DATA FOR ANALYSIS:
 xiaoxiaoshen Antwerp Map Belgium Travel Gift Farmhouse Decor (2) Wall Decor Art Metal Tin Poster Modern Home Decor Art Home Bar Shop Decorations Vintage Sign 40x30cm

* * *

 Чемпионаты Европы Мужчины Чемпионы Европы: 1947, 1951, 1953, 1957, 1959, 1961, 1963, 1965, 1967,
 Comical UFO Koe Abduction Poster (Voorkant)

* * *

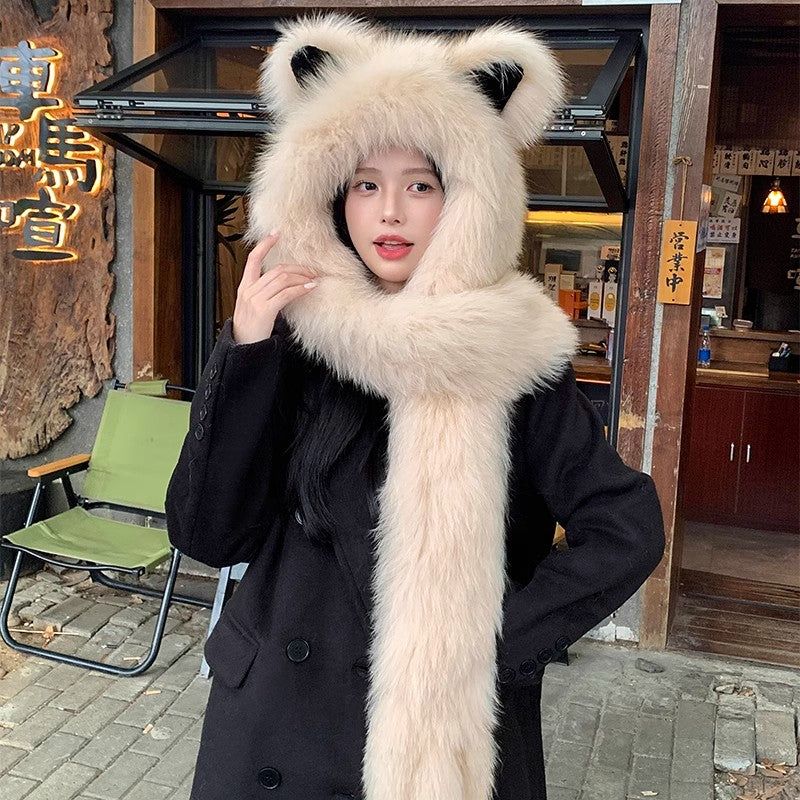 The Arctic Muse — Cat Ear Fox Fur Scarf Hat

WORK REQUIRED: Show every line above in which the word "Poster" is found.

WRITTEN RESPONSE:
 xiaoxiaoshen Antwerp Map Belgium Travel Gift Farmhouse Decor (2) Wall Decor Art Metal Tin Poster Modern Home Decor Art Home Bar Shop Decorations Vintage Sign 40x30cm
 Comical UFO Koe Abduction Poster (Voorkant)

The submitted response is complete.